August 10, 2013
One of our favorite dishes….we are sure to make it during organic peaches & cream corn season!
- 1 cup French Dupuy Lentils
- 1 cup wild rice
- 1 red pepper, chopped
- 1 jalapeno, finely chopped
- 2 green onions finely sliced
- 2 cups fresh or frozen corn nibletes
- 1/2 cup crumbled feta cheese
- 4 tablespoons sherry vinegar
- 3 cloves garlic, minced or
- 3 tablespoons olive oil
- salt and pepper
Rinse lentils. In saucepan, cover lentils with 3 cups water and bring to a boil. Reduce heat and simmer for 20 to 25 minutes, or until tender.
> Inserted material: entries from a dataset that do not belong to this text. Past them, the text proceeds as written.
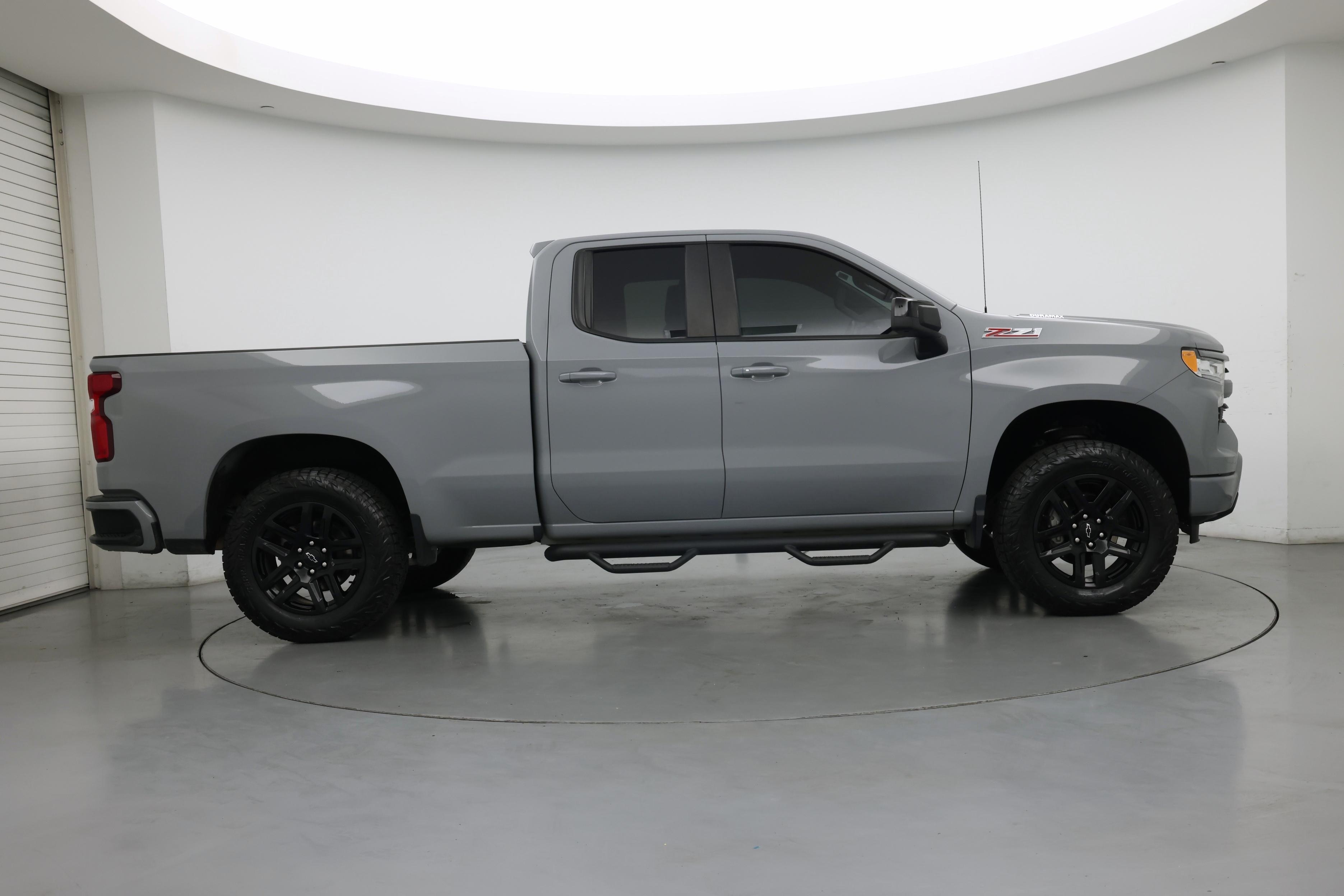 Thumbnail: 2024 Chevrolet Silverado 1500 - 7
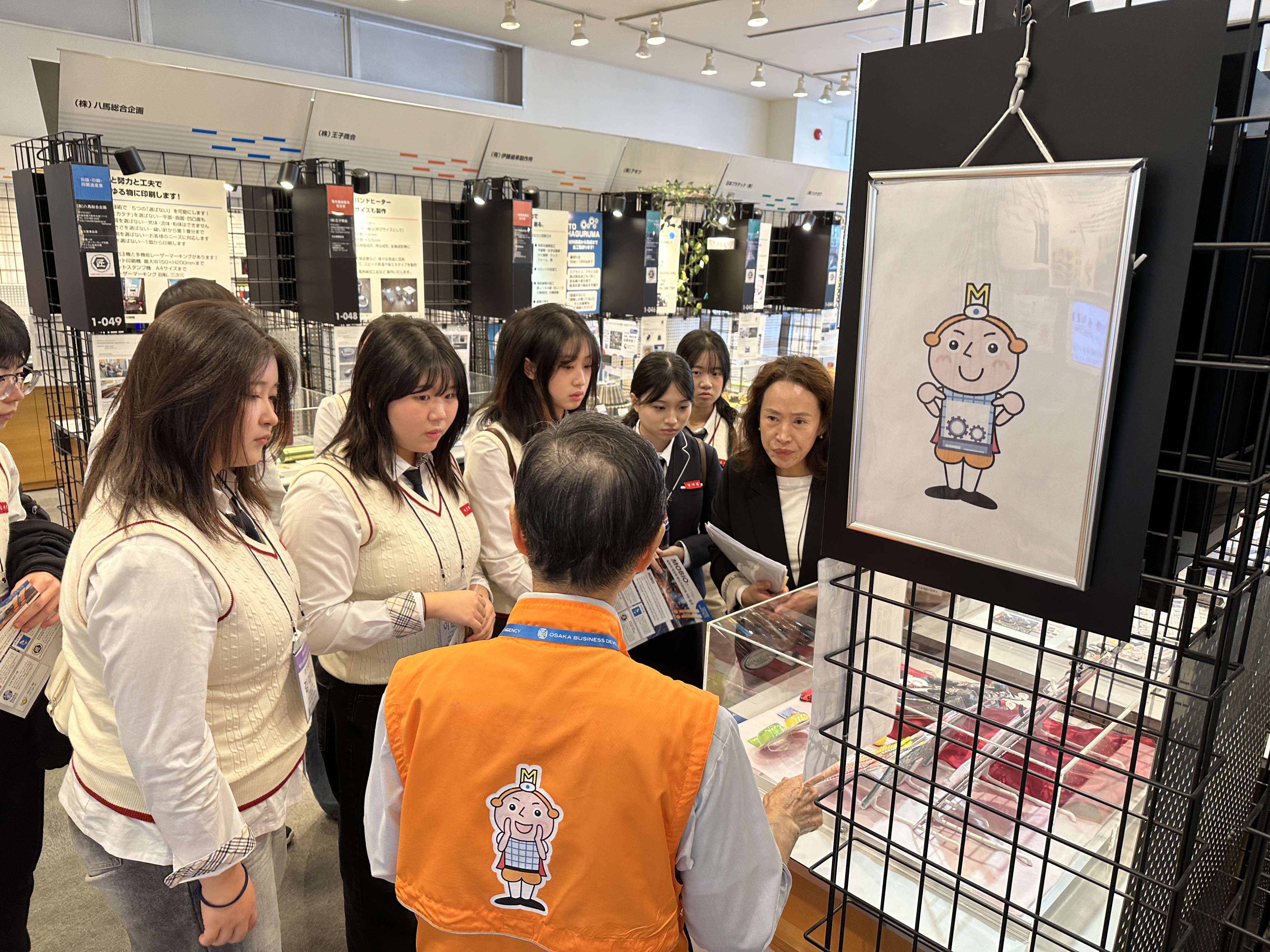 진영제일고, 글로벌 감각 키우는 해외문화체험연수 실시 - 관련이미지3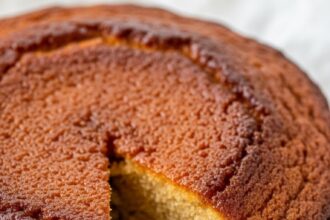 Moist Honey Cake Recipe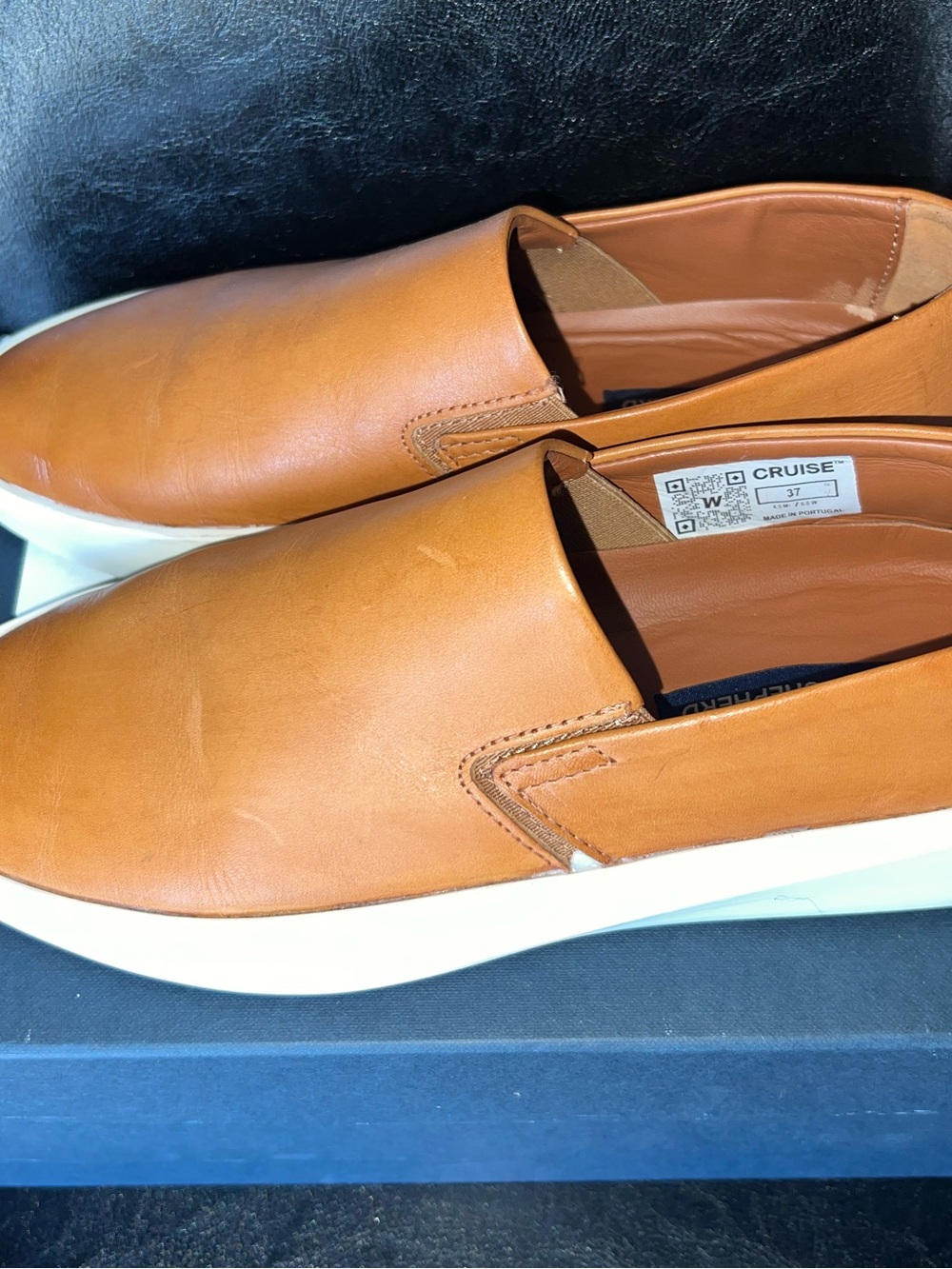Wolf & Shepherd Women’s CRUISE Slip-On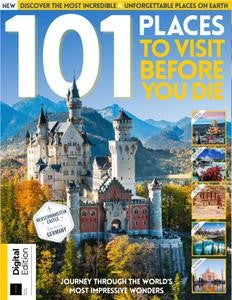 101 Places to Visit Before You Die “ 8th Edition, 2022 | E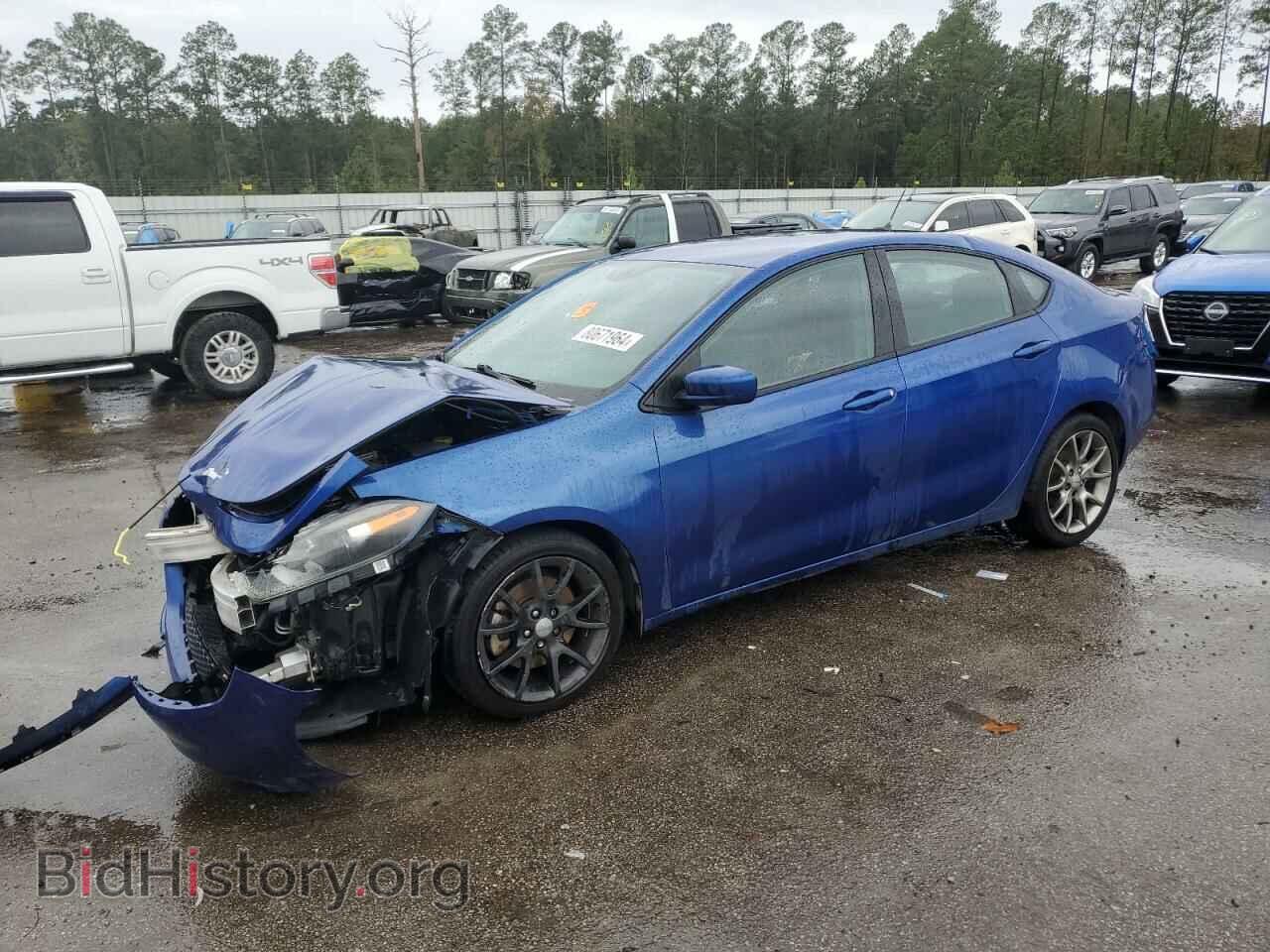 Photo 1C3CDFBA3DD314531 - DODGE DART 2013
Drain and cool.
Combine wild rice with 4 cups of cold water. Cover and bring to boil, then reduce heat to a simmer. Cook for 30 minutes. Leave on stove element and turn off. Let sit 30 to 35 minutes, taste for texture. Drain and cool.
In a bowl combine sherry vinegar, garlic, salt and pepper. Whisk in oil. Toss salad gently with dressing.
Additional Comments: French Dupuy lentils hold their texture and shape, do not turn soggy and are perfect for our salad. We now use them all the time. You can switch the sherry vinegar to apple cider vinegar; but our favorite for this particular recipe is the sherry vinegar.